DjVu eBook Signature Format: Specification & DjVu Recovery Example
DjVu is a computer file format designed primarily to store scanned documents and books, especially those containing a combination of text, line drawings, indexed color images, and photographs. It uses technologies such as image layer separation of text and background/images, progressive loading, arithmetic coding, and lossy compression for bitonal (monochrome) images. This allows for high-quality, readable images to be stored in a minimum of space, so that they can be made available on the web. DjVu has been promoted as an alternative to PDF, promising smaller files than PDF for most scanned documents.

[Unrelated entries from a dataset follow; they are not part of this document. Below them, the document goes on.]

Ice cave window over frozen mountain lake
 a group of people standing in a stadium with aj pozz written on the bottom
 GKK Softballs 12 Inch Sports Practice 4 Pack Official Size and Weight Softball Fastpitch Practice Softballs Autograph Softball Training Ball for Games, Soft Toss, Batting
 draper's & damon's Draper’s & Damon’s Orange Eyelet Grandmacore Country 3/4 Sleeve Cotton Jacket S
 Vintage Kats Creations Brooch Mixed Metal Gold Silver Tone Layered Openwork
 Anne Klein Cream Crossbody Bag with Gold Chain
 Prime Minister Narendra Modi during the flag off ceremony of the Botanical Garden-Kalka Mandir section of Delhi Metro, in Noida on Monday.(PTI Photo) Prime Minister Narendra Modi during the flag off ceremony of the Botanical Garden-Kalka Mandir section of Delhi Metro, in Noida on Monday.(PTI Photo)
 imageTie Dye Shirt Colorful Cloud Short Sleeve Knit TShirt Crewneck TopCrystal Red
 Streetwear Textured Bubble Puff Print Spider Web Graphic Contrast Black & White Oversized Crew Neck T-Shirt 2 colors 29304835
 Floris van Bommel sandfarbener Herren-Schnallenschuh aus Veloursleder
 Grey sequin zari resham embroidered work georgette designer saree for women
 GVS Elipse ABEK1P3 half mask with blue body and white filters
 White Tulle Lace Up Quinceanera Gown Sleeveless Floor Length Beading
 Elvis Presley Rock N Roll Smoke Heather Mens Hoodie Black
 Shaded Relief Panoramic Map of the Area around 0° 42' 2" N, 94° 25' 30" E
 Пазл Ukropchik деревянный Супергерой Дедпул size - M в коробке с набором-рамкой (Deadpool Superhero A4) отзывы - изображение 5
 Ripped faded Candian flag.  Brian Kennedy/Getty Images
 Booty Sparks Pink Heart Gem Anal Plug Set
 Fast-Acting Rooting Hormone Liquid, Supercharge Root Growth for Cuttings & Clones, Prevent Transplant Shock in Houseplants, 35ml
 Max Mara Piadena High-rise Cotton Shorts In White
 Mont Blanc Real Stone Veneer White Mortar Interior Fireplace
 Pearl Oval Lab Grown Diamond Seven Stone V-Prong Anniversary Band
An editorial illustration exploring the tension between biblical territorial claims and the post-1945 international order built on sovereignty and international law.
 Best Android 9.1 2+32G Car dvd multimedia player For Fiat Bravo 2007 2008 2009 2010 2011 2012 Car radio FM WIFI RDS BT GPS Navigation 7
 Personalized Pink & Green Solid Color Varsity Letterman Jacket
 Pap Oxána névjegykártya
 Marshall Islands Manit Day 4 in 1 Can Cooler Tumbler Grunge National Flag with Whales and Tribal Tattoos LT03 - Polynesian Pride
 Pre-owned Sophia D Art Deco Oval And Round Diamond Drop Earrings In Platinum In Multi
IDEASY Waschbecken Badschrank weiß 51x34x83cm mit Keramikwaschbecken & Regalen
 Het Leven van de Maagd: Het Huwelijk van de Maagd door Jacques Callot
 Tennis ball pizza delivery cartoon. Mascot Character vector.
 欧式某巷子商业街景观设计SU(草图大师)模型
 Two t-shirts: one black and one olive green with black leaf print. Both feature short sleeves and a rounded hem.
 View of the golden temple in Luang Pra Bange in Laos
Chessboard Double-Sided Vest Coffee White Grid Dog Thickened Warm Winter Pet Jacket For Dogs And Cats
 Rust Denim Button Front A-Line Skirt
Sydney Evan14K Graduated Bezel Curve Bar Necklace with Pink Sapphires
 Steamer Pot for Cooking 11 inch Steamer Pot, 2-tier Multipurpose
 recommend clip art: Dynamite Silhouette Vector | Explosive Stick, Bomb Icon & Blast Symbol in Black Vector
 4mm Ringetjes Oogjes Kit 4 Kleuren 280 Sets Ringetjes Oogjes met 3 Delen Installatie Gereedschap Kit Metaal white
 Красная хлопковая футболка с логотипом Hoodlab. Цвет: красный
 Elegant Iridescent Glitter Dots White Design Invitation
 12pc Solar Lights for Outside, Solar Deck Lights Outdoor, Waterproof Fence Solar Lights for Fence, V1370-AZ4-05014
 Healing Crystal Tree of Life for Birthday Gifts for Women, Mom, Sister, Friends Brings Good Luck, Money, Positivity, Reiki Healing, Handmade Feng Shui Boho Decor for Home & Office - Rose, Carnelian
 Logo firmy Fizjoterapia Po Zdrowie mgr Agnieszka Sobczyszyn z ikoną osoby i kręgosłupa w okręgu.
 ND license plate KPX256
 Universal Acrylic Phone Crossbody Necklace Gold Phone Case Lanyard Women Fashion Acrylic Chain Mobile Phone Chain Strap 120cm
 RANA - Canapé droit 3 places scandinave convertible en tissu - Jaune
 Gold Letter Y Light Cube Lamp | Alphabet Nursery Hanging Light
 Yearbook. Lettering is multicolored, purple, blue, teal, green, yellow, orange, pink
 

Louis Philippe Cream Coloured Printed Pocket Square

DjVu Document files must have a signature (tag) AT&T at the beginning of the document followed by FORM tag which points to the data chunk. Data chunk has its data size at offset 4 (from chunk start) or, for the first chunk at offset 8 (from the file beginning). Chunk size is big-endian (highest byte first). By adding data size for the first chunk to a data offset (12 for the first chunk) we get the total DjVu file size.
Let's examine the example
When inspecting example.djvu file's text data using any Hex Viewer, like Active@ Disk Editor, which is included in Active@ File Recovery package, we can see it starts with a tag AT&T (hex: 41, 54, 26, 54). Next to it, at offset 4, there is a tag FORM (hex: 46, 4F, 52, 4D) which points to the data chunk. Data chunk consists of a chunk size at absolute offset 8 (hex: 00, 01, 70, A0) followed by actual data. The chunk size is big-endian value (highest byte first), which gives size of data 94,368 dec. Data offset is 12 (dec) from the file beginning. Thus total DJVU file size is 12+94,368=94,380 bytes, and reading of all 94,380 consecutive bytes starting from the position of detected AT&T header provide us with all DjVu file data, provided that file is not fragmented.
DjVu files header:
|0||4||signature, must be 41 54 26 54 hex ("AT&T")|
|4||4||chunkId, must be 46 4F 52 4D hex ("FORM")|
|8||4||chunk size (length of the data), big-endian|
Active@ File Recovery Custom Scripting Example
This example just specifies DJVU start signature and calculates file size based on the first data chunk. Syntax of the signature definition language you can read here.
[DJV_HEADER] DESCRIPTION=DjVu Document EXTENSION=djvu BEGIN=DJV_BEGIN SCRIPT=DJV_SCRIPT [DJV_BEGIN] AT&TFORM=0|0 [DJV_SCRIPT] size = read(dword, 8) size = endian(dword, size) size = sum(size, 12)